Currently, enzyme replacement therapy with alglucosidase alfa is the only approved treatment for Pompe disease. By improving and stabilizing skeletal muscle strength and function, and respiratory function, this lifelong treatment has improved the prospects of adult patients with the disease (Gungor et al 2013; Toscano and Schoser 2013; van der Ploeg et al 2010). Most importantly, ERT improves survival (Gungor et al 2013). However, it is less clear whether it also improves patients’ quality of life and participation, especially after longer treatment. The only placebo-controlled clinical trial to have assessed the efficacy of ERT in 90 adult patients showed that physical health status (measured by the SF-36) after 18 months of ERT did not differ between the placebo group and the treatment group (van der Ploeg et al 2010). And while the only observational study to include quality of life (measured using the SF-36) in its assessment of the effects of ERT indicated that QoL remained stable during treatment (Regnery et al 2012; Strothotte et al 2010), several individual case reports and case series reported improvements (Merk et al 2009; Orlikowski et al 2011; Vielhaber et al 2011; Angelini et al 2009).

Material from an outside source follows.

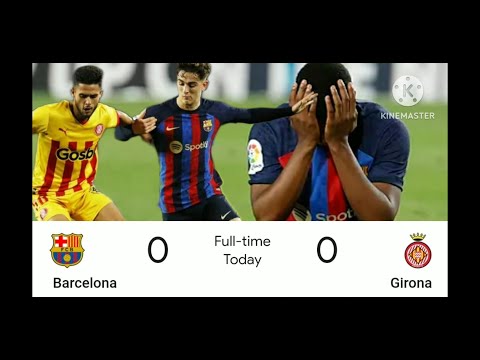 barcelona splits points at home against girona 0-0 || full match review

To the best of our knowledge, no study in large groups of patients has determined whether ERT affects longer-term Qol. Neither has the effect of ERT on participation been studied. To fill these gaps in knowledge, we studied the QoL and participation in daily life of adults with Pompe diseases before and after long-term treatment with ERT.


Data collection

This study was performed as part of an ongoing prospective observational cohort study in patients with Pompe disease that started in May 2002. Information was collected through annual surveys sent out by mail and, since May 2009, also collected through a secure web-interphase. Questionnaires covered data on medical history, patient demographics, quality of life and participation in daily life (Hagemans et al 2005a, b). Patients from the Netherlands, the United States, the United Kingdom, Germany and Australia were recruited through the national patient organizations, as were a smaller number of patients from other countries. In addition, Dutch patients were also recruited through the Erasmus MC University Center for Lysosomal and Metabolic Diseases, the national referral center for Pompe disease. Data collection for the current study was locked in February 2012; it included only adult patients aged 18 years and older who had started treatment at some point during follow-up. To be included in the analyses, patients had to have been receiving ERT for at least 6 months, and also to have had a minimum of 6 months follow-up before the start of ERT. The study was approved by the ethics committee of the Erasmus MC University Medical Center and written informed consent was obtained from all participants

Measurement scales

Quality of life

Quality of life was measured using the Medical Outcome Study 36-item Short Form Health Survey (SF-36), a generic instrument that has been widely used, has been translated into many languages, and has been shown to have good reliability and validity (McHorney et al 1993; Wagner et al 1998; Ware and Sherbourne 1992). It comprises eight domains: physical functioning, role physical, bodily pain, general health, vitality, social functioning, role emotional and mental health. Items are summed per domain and transformed into scores between 0-100, with higher values representing better function. Two summary scores can also be derived from the SF-36: the physical component summary measure (PCS) and the mental component summary measure (MCS). Norm-based scores were calculated using the US 1998 norm-based scoring for all patients; this is common practice, as the differences with country-based norm-scores have been shown to be very small for data collected in Western European countries (Ware et al 1998). Norm-based scoring assures that results for both versions of the SF-36 can be directly compared. In our study, we used SF36 version 1.0 between 2002 and 2009, and version 2 in the years thereafter.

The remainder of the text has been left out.